La France pour l'interdiction à terme la pêche du thon rouge

03/02/2010 15:36

La France se prononce pour l'interdiction du commerce international du thon rouge, une espèce menacée de disparition en Méditerranée, mais après un délai de 18 mois pour évaluer l'état de la ressource. Paris, vivement critiqué par l'association écologiste Greenpeace pour cette position qui reporte l'interdiction, pose en outre deux autres conditions, la poursuite de la pêche côtière artisanale destinée au marché intérieur et des garanties de l'Union européenne sur des aides à la reconversion.

La France prône, comme l'avait proposé Monaco, de protéger le thon rouge en l'inscrivant à l'annexe I de la Convention internationale sur les espèces sauvages (Cites), ce qui reviendrait à interdire sa commercialisation internationale, les pêcheurs restant libres d'en vendre sur leur marché national.

"La position française est de soutenir la proposition de Monaco d'inscription à l'annexe I de la Cites, la France souhaitant par ailleurs que l'application soit (différée) de 18 mois", a déclaré le ministre de l'Ecologie, Jean-Louis Borloo.

Ce délai, a-t-il expliqué, permettra d'attendre les prochains avis scientifiques - en octobre 2010 et février 2011 - sur les stocks de cette espèce victime de la surexploitation.

La décision a été arbitrée mardi soir, le dossier faisant l'objet de divergences entre Jean-Louis Borloo, favorable à l'interdiction totale, et le ministre de l'Agriculture Bruno Le Maire, partisan d'une mesure moins radicale.

L'Italie s'était déjà engagée à soutenir la proposition d'interdiction mais la France, premier pays pêcheur avec 20% des captures déclarées, tardait à s'exprimer.

La position de Paris est déterminante pour la ligne que l'Union européenne défendra sur le plan international, l'Espagne et Malte étant d'autres pays européens importants sur ce sujet.

Un conseiller du gouvernement a expliqué que le moratoire sur l'interdiction débuterait le 25 mars, après la réunion de Doha (Qatar), où l'Assemblée générale des 175 Etats parties à la Cites doit se prononcer sur la prohibition de commercialisation.

"ABSURDE", SELON GREENPEACE

Greenpeace a vivement critiqué cette décision dans un communiqué qui souligne qu'il reste moins de 15% de la population de thon rouge en Méditerranée.

"On nous dit en substance : sauvons l'espèce, mais pas tout de suite !", estime François Chartier, chargé de campagne Océans. "Le délai demandé pour mettre en oeuvre l'interdiction du commerce international est absurde : cela revient à passer à l'action après la bataille pour la survie du thon rouge !".

Pour Greenpeace, un délai de 18 mois permet deux saisons de pêche aux termes desquelles il n'y aura plus de thon rouge.

"Le gouvernement achète ainsi la paix sociale avec les pêcheurs, dans une période d'élections régionales", ajoute l'organisation, qui avait redouté par avance cette position.

Le commerce du thon rouge concerne essentiellement les exportations de la Méditerranée et de l'Atlantique vers le Japon, où le "thunnus thynnus" est très prisé, pour les sushis notamment, et y atteint des prix astronomiques.

Les scientifiques estiment que l'espèce est mise en danger par la surexploitation.
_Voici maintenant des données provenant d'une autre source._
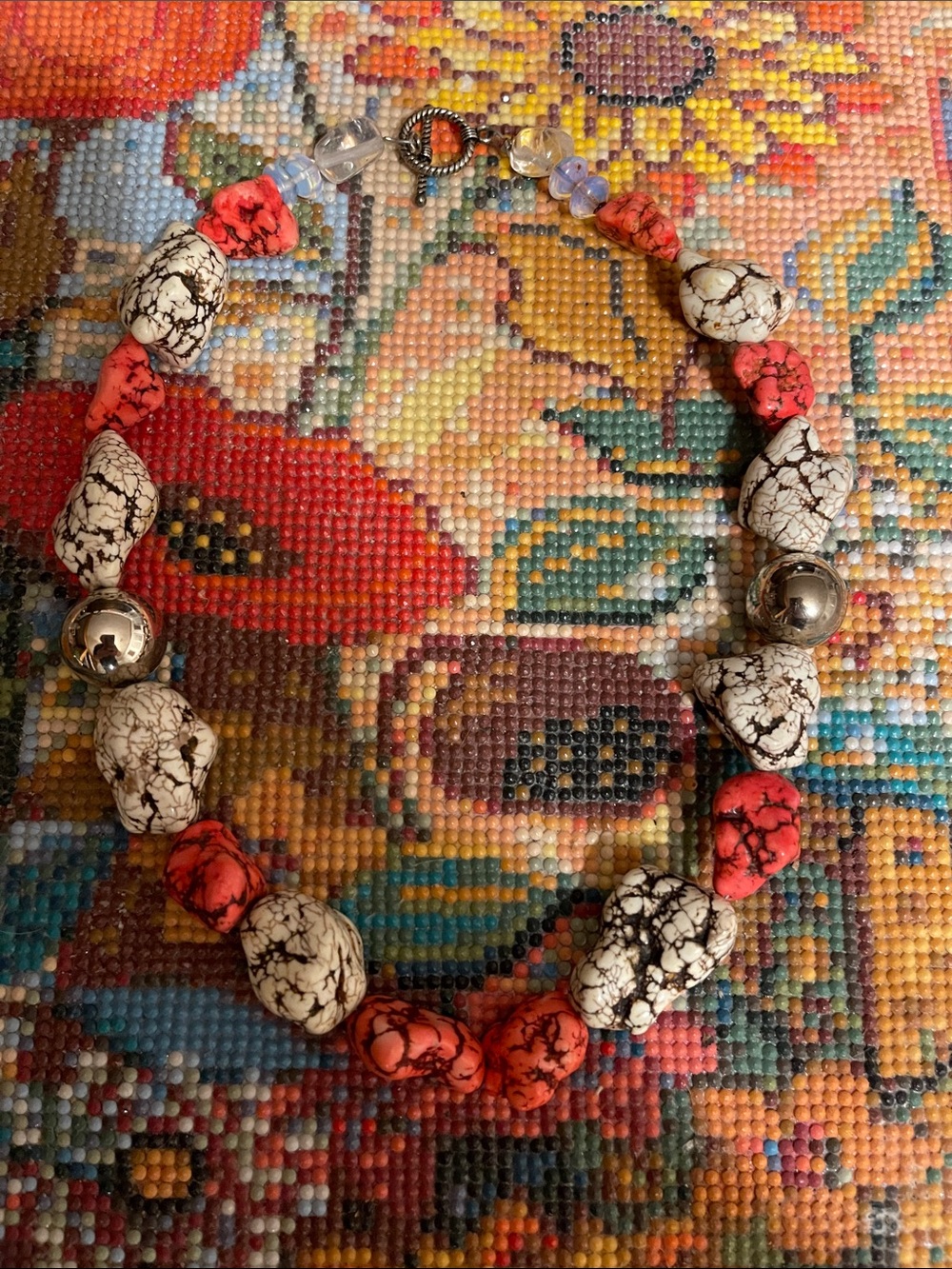 Handcrafted Coral and Cream Stone Necklace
La Commission européenne a entamé à plusieurs reprises des procédures d'infraction contre les pays européens, dont la France, qui selon elle ne contrôlent pas suffisamment les captures de leurs pêcheurs.

Jean-Louis Borloo et le ministre de l'Agriculture, Bruno Le Maire, ont justifié les conditions françaises, notamment l'attente des avis scientifiques, par un souci de "légitimité" à l'égard des pêcheurs.

Environ 200 bateaux sont concernés par la pêche au thon, dont 28 voués à la pêche industrielle, qui compte environ 1.000 marins embarqués et autant d'emplois indirects.

"La possibilité de maintenir la pêche artisanale ne menace pas la ressource", a assuré Jean-Louis Borloo, soulignant qu'elle puisait seulement 10% du quota.

Une telle dérogation exigerait une modification du règlement européen permettant de poursuivre le commerce sur le marché intérieur.

Enfin, la France "demande que le Commission apporte le financement adapté, on veut des garanties communautaires de soutien financier", a insisté pour sa part Bruno Le Maire.